• Recorded data:

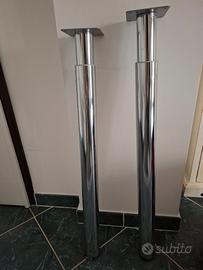 Piedi regolabili per tavolo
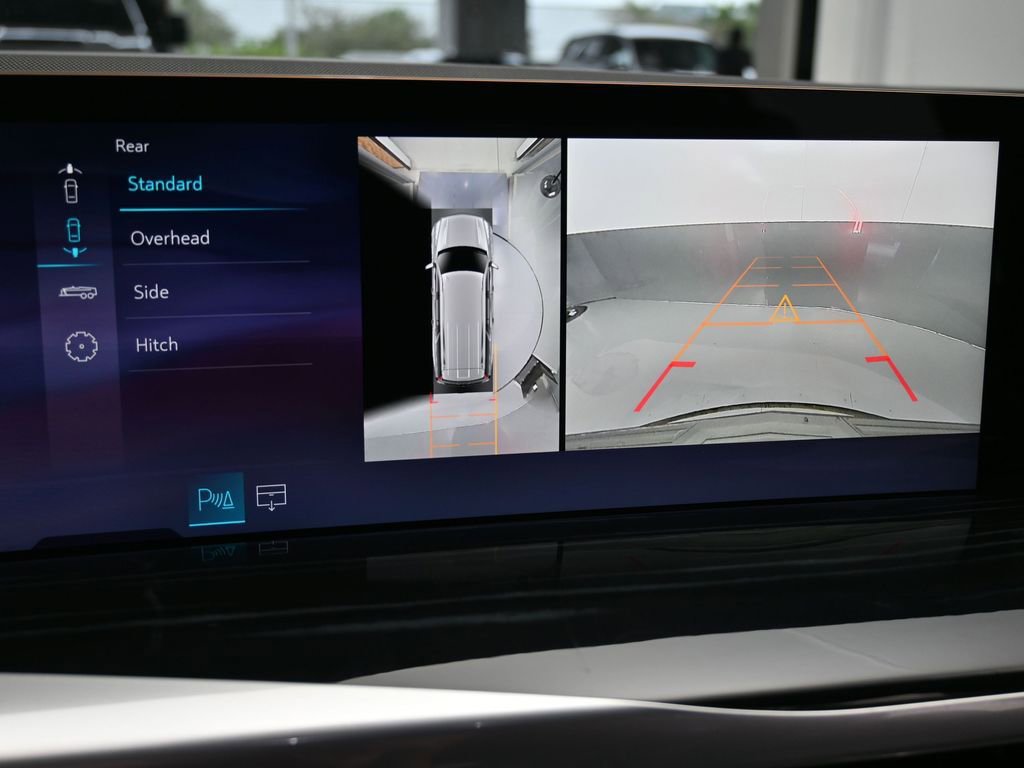 Used 2025 Cadillac Escalade ESV Sport w/ Touring Package image 21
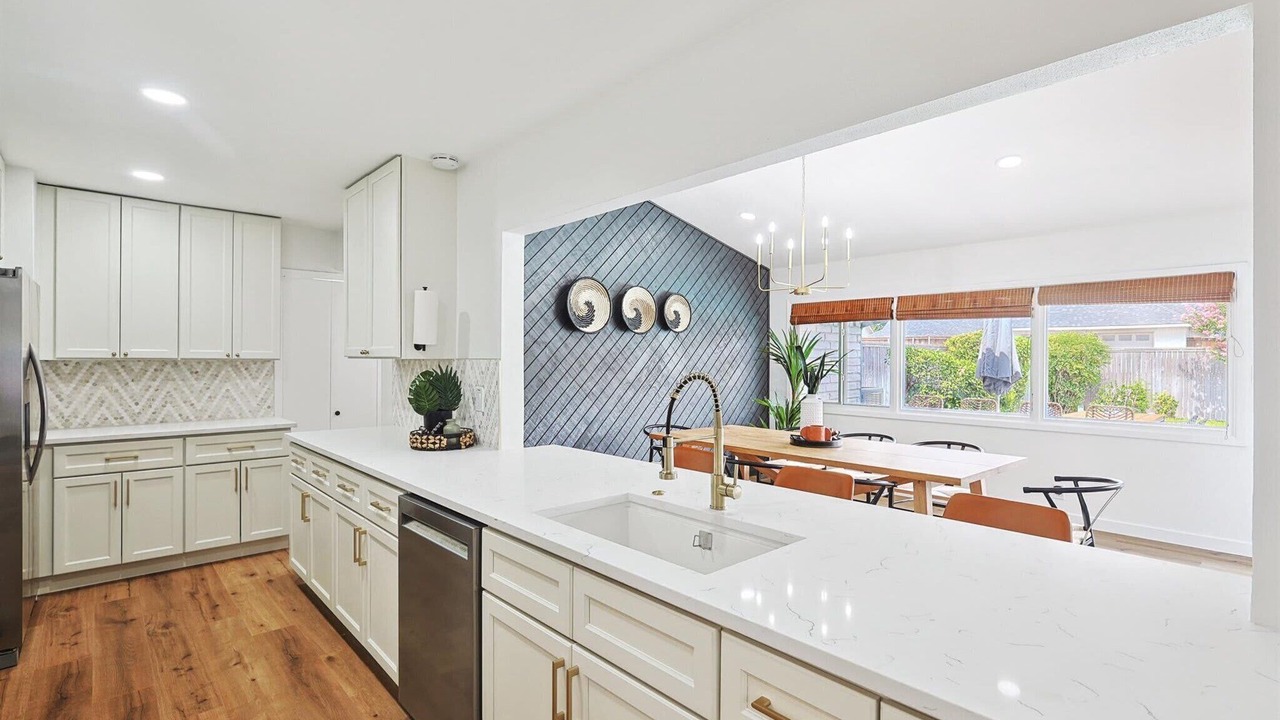 Photo of Kitchen in Far North Dallas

• Work to be completed: Return the material exactly as given, apart from the pictures.

• Written response:
 Piedi regolabili per tavolo
 Used 2025 Cadillac Escalade ESV Sport w/ Touring Package image 21
 Photo of Kitchen in Far North Dallas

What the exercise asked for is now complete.